Lyft shares tanked as much as 12% moments after the company reported first-quarter earnings as investors placed more weight on a dim outlook and lower quarter-over-quarter revenue than other financial gains.
Shares have since stabilized in after-hours trading, now trading down about 10%.
Lyft beat both its own revenue expectations and Wall Street’s, but it wasn’t enough to assuage investors focused on the ride-hailing company’s future.
The company closed the first quarter of the year with $1 billion in revenue, up 14% from the same quarter last year. It should be noted that its Q1 revenue is lower than $1.2 billion it generated in Q4. Analysts had expected $977 million for the first quarter, and the company promised $975 million in February.
That revenue gain is on top of a net loss of $187.6 million, a 4.7% improvement from the $196.9 million it lost in the same period last year. It’s also significantly better than the $588.1 million in net losses posted in the fourth quarter of 2022. Lyft attributed much of that loss in Q4 to $201.3 million of stock-based compensation and related payroll tax expenses.

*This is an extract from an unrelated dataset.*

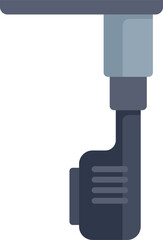 Security camera recording, providing safety, security, and surveillance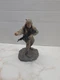 McFarlane Military Marine Lieutenant Redeployed 2 Action Figure 6&rdquo; Tall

On an adjusted basis, Lyft earned $22.7 million, compared to $54.9 million a year ago. It is an improvement from the adjusted loss of $248.3 million in the fourth quarter of 2022.

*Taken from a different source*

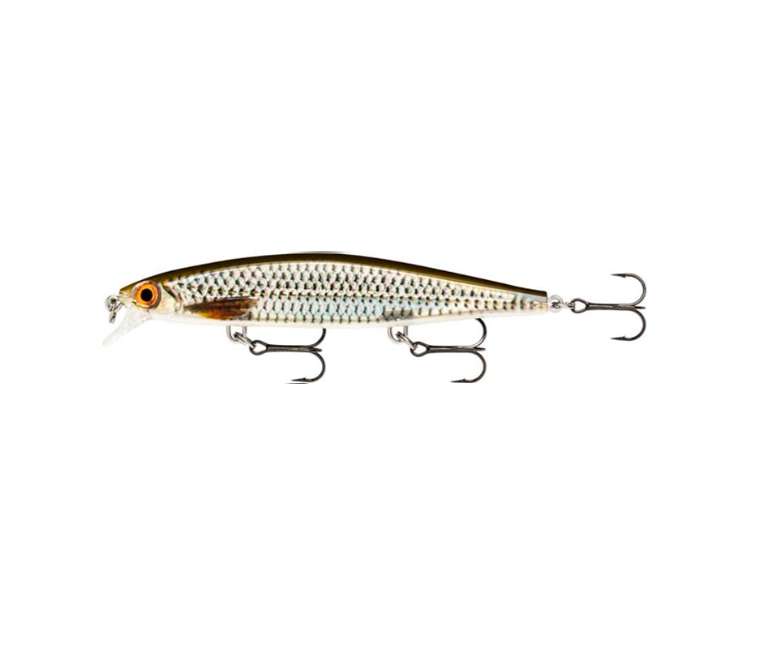 SHADOW RAP 11CM ROL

The company’s operating cash flow was in negative territory for the quarter with a loss of $188 million. Lyft closed out the quarter with cash and cash equivalents of $509.6 million, an increase from $281 million last quarter.
Lyft issued guidance for the second quarter of about $1 billion to $1.02 billion, an indication that the company is not expecting much growth in the coming quarter. On an adjusted EBITDA basis, Lyft expects to earn between $20 million and $30 million, with an adjusted margin of 2% to 3%.
Notably, the company did not issue guidance for the full year, a move that can suggest the company is uncertain about its future or an expectation of changes to come.
The first quarter has been a tumultuous one for Lyft as the company brought on a new CEO and president, issued layoffs for 26% of its staff and dropped certain offerings like shared rides. David Risher, the former Amazon executive who took over for co-founders Logan Green and John Zimmer, said he wanted Lyft to focus on the basics of ride-hail. Given these cost-cutting measures and the coming of warmer seasons, which are usually a boon for the ride-hail industry, investors might be put off by second-quarter revenue guidance that mirrors the first quarter.
During Lyft’s earnings call Thursday, analysts and investors will want to know how the new leader will help Lyft continue to compete with Uber. The ride-hail competitor beat analysts’ expectations and demonstrated strong financial footing due to its business model that spans across ride-hail and delivery.
Meanwhile, Lyft has been cutting away the extra fat off its business since last year when it closed down its car rental scheme. This quarter, the company is also shutting down its Fleet products focused on personal car ownership and is spinning off Loop, the company’s cloud infrastructure, into a standalone business. Loop was operating in stealth mode and had a single-digit team, according to a Lyft spokesperson.
Lyft didn’t share much in the way of updates about its bikeshare business. Risher only reiterated the company’s plan to create more of a cross-pollinating ecosystem between bikeshare and ride-hail, but didn’t get into specifics. That side of the business is also expected to see some cuts as it gets “leaner and more focused,” according to an April blog post from the company.